Closed MinGiSa closed 1 month ago
LinearAttention2 with the reduced form of Q(KV) can not support attn_drop because there is no explict attention map. Attn_drop drops the elements of attention map QK, which is avaliable in LinearAttention in (QK)V form. In addition, I think attn_drop is not really needed in linear attention that already do not focus.
We do not reconstruct attention maps (QK in Attention modules); we reconstruct features. The idea of loose reconstruction is not about what is input to the decoder. It is about the reconstruction subject (decoder features) and object (encoder features). Instead of let each decoder layer to reconstruct each encoder layer as convention, we proposed to average the decoder layers to reconstruct the average of encoder layers. And there is no fuse layer (the .fuse fuction in the code is simply average).
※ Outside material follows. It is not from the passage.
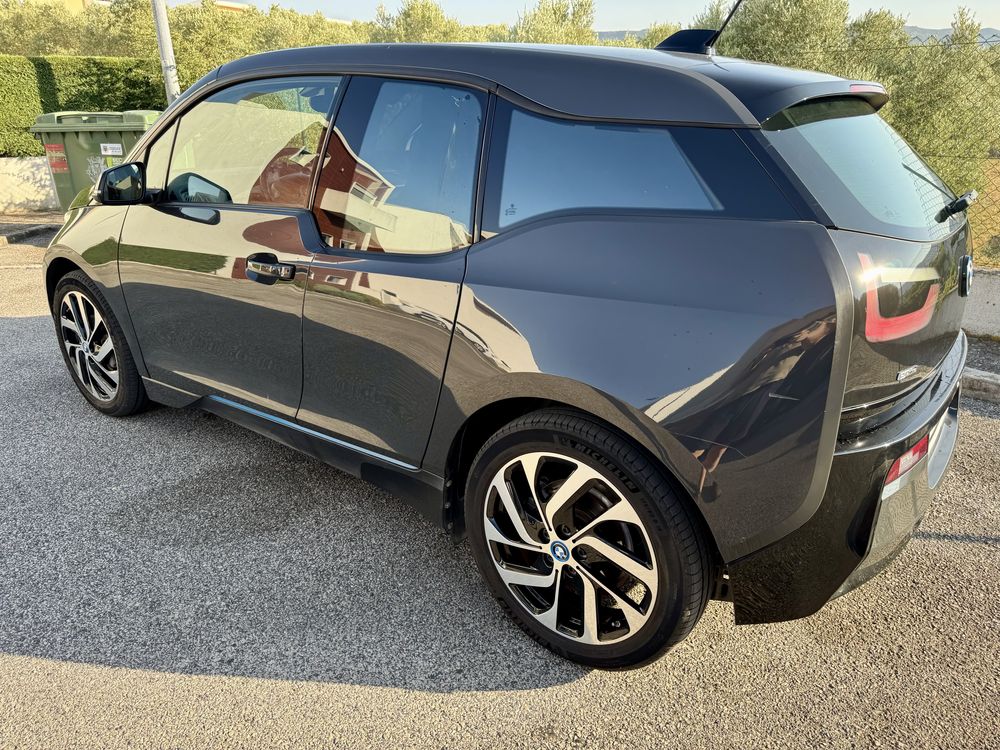 BMW i3 REx cinzento escuro ano 2015 e 157000km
E.g., Previous reconstruction paradigm: D_1==>E_1 D_2==>E_2 D_3==>E_3 D_4==>E_4
Ours: (D_1+D_2+D_3+D_4) ==> (E_1+E_2+E_3+E_4)
Can you explain why self.attn_drop is not used in Linear Attention2? Also, could you simplify the concept of loose reconstruction? I understand it as using a fuse layer to combine low-level and high-level attention maps to reconstruct the attention map in a non-local manner. but I don't fully grasp the concept.